Exact copy, no pictures: output all the records that follow.

> _Supplied data_
▶
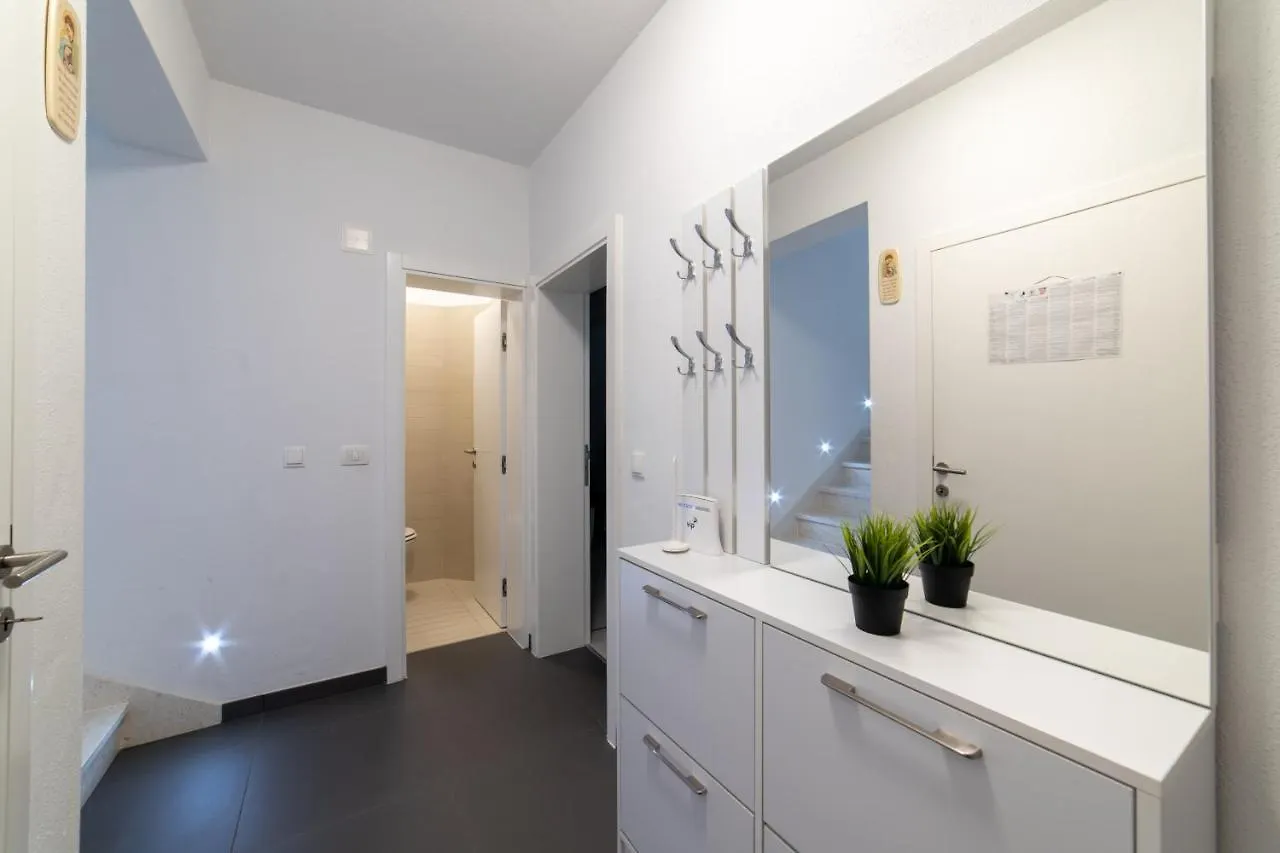 Villa Ban Trogir 0*,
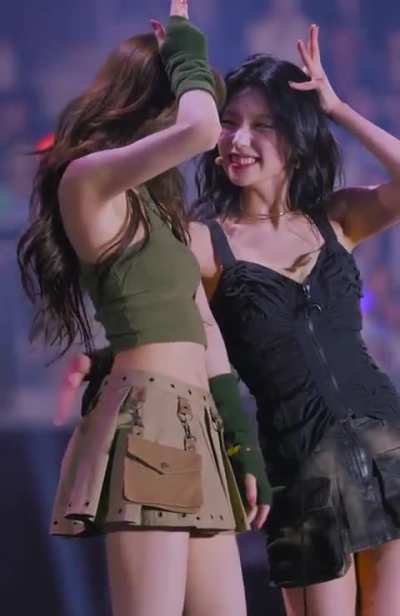 Itzy- Yuna and Yeji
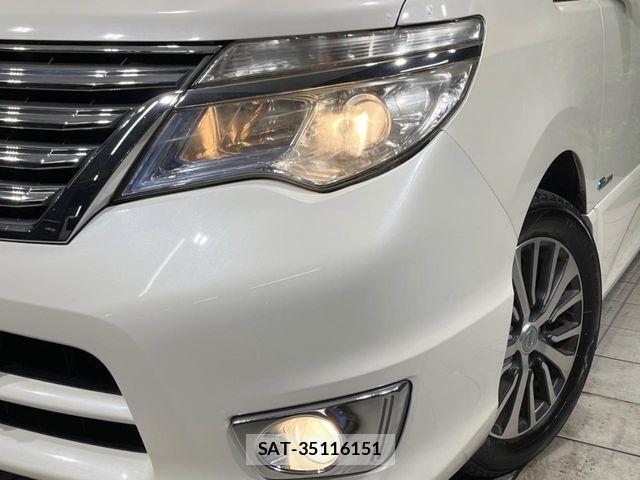 Nissan SERENA 2014-02 7224805-12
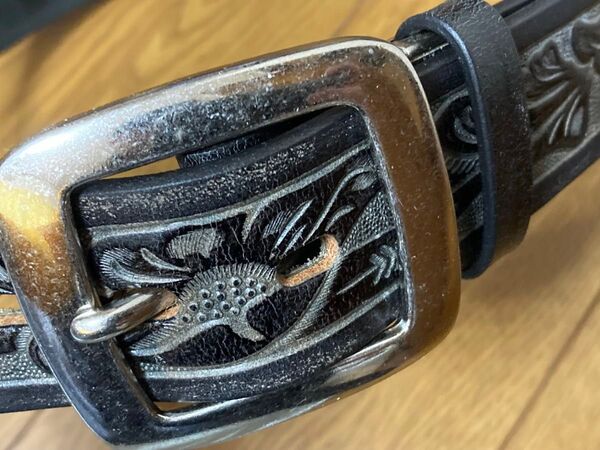 新品未使用 ブラックレザーベルト 花柄彫刻 クラフトリアル 本革 日本製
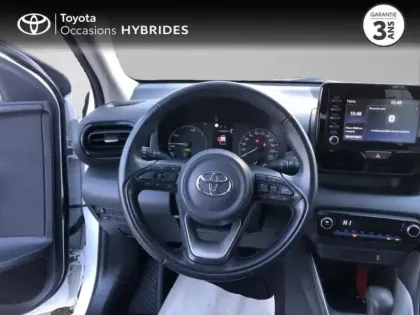 Photo 8 Toyota Yaris  116h Dynamic 5p MY22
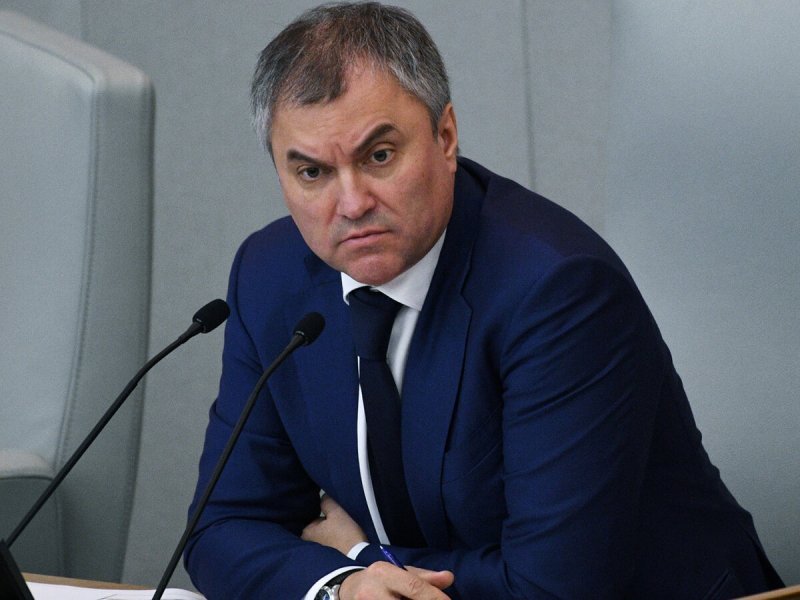 В Госдуме депутаты устроили скандал и покинули зал заседаний в 16:45 из-за слишком «длинного» трудового дня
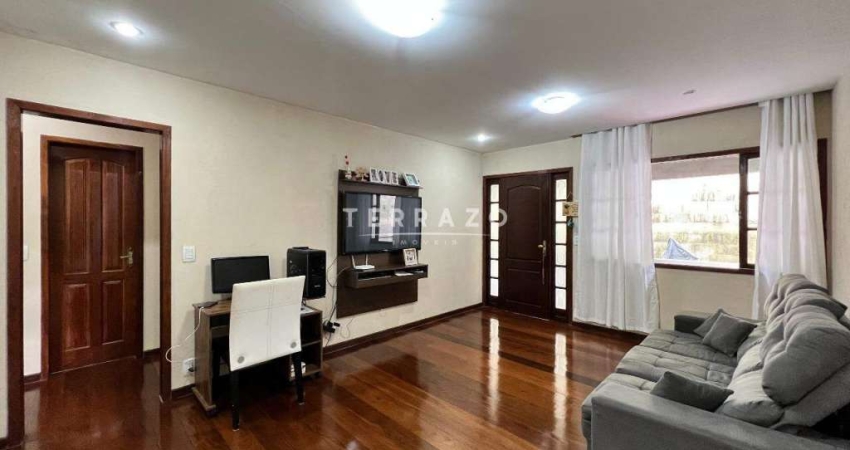 Casa à venda, 2 quartos, 2 vagas, Albuquerque - Teresópolis/RJ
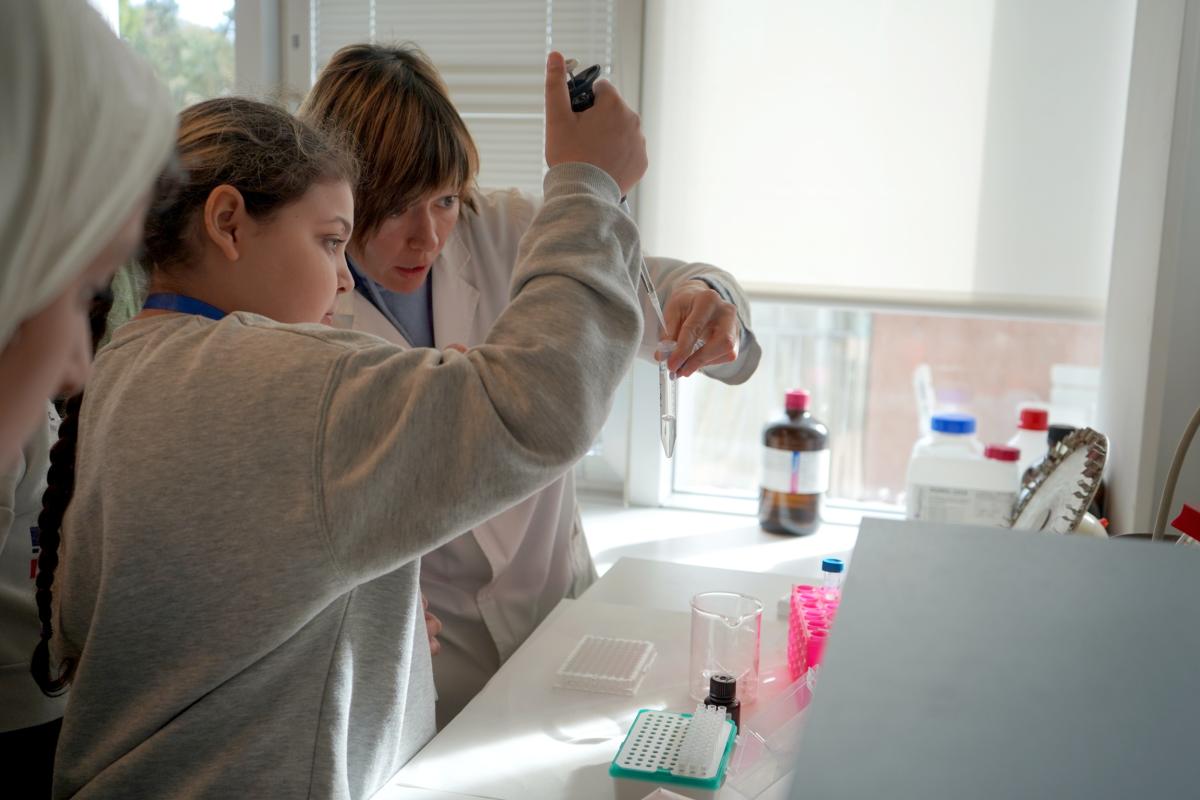 Dra. Cristina Solé i nena al laboratori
◀
> _Solution to this exercise_
 Villa Ban Trogir 0*,
 Itzy- Yuna and Yeji
 Nissan SERENA 2014-02 7224805-12
 新品未使用 ブラックレザーベルト 花柄彫刻 クラフトリアル 本革 日本製
 Photo 8 Toyota Yaris  116h Dynamic 5p MY22
 В Госдуме депутаты устроили скандал и покинули зал заседаний в 16:45 из-за слишком «длинного» трудового дня
 Casa à venda, 2 quartos, 2 vagas, Albuquerque - Teresópolis/RJ
 Dra. Cristina Solé i nena al laboratori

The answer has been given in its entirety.